The Crane Jazz Ensemble will present a selection of original works written or arranged by Brookmeyer for groups such as the Gerry Mulligan Concert Jazz Band, Mel Lewis and the Jazz Orchestra, Thad Jones and the Mel Lewis Orchestra and the New Art Orchestra. The pieces include a movement from “Spirit Music,” as well as “ABC Blues,” “Willow Weep for Me,” “Hello and Goodbye,” “Make Me Smile,” “Nevermore,” “Manoir de mes Rêves” and “Boom Boom.”
This event is free, and the public is invited to attend.
“Bob was a complex man, a characteristic that was reflected in his craft. His music covered a lot of ground… alluring at times, cathartic at others; sometimes displaying genuine humor, rural charm and wit, yet at other times conveying a visceral quality that would pin you back in your seat,” said Zvacek.

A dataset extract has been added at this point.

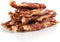Dog Jerky Treats, Triple Flavor Jerky Twist Sticks 5 inch, Chicken Duck Wrapped Cod Sticks, 28-29 Counts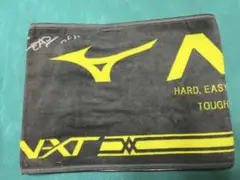 Mizuno NXT マフラータオル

The Crane Jazz Ensemble is the premier performance group in the jazz studies program at The Crane School of Music, and consists of 18 students on saxophone, trumpet, trombone and rhythm. The ensemble tours regularly, appearing at schools, conferences and jazz festivals, receiving multiple awards for individual and ensemble performance. The ensemble has performed with such guest artists as Marian McPartland, Marvin Stamm, Dave Stahl and the Billy Taylor Trio, and has appeared at the Musicfest USA 1990 National Finals, the New York State School Music Association conference and the Marine Midland, Villanova University and College of Saint Rose Jazz Festivals.
About the artist:
Robert Edward Brookmeyer was born on Dec. 19, 1929, in Kansas City, Mo. He began playing music professionally as a teenager and attended the Kansas City Conservatory of Music, but left before graduating. Brookmeyer’s primary instrument was an unusual one: the valve trombone. His big, blurry sound and graceful style were an integral part of small groups led by the saxophonists Stan Getz and Gerry Mulligan and the clarinetist Jimmy Giuffre in the 1950s, as well as a popular quintet he co-led with the trumpeter Clark Terry in the 1960s. He was also an occasional pianist, good enough to have held his own on a two-piano album with a master of that instrument, Bill Evans, in 1959. He was on the house band for the Merv Griffin Show, and wrote for Ray Charles and others.
But he was probably best known for his writing, especially his arrangements for big bands, which at their best captured the spirit of past masters like Duke Ellington and Count Basie, while remaining thoroughly contemporary. His writing in the 1960s for Mulligan’s Concert Jazz Band and the Thad Jones-Mel Lewis Jazz Orchestra helped invigorate the big band genre at a time when many critics considered it moribund.
In 1979, Thad Jones left the big band he and the drummer Mel Lewis led, and Brookmeyer subsequently returned as musical director. He had been a charter member of the band when it began its long-running weekly residence at the Village Vanguard in 1966. He also began composing avant-garde classical music.
Brookmeyer was a highly respected teacher at the New England Conservatory of Music and elsewhere, and founded a music school in the Netherlands, running it for several years, and was named a National Endowment for the Arts Jazz Master in 2006. He died in December 2011.
To learn more about jazz study at SUNY Potsdam’s Crane School of Music, visit www.potsdam.edu/academics/Crane/MusicBusiness/minorjazzstudies.cfm.
Founded in 1886, SUNY Potsdam’s Crane School of Music has a long legacy of excellence in music education and performance. Life at Crane includes an incredible array of more than 300 recitals, lectures and concerts presented by faculty, students and guests each year. The Crane School of Music is the State University of New York’s only All-Steinway institution.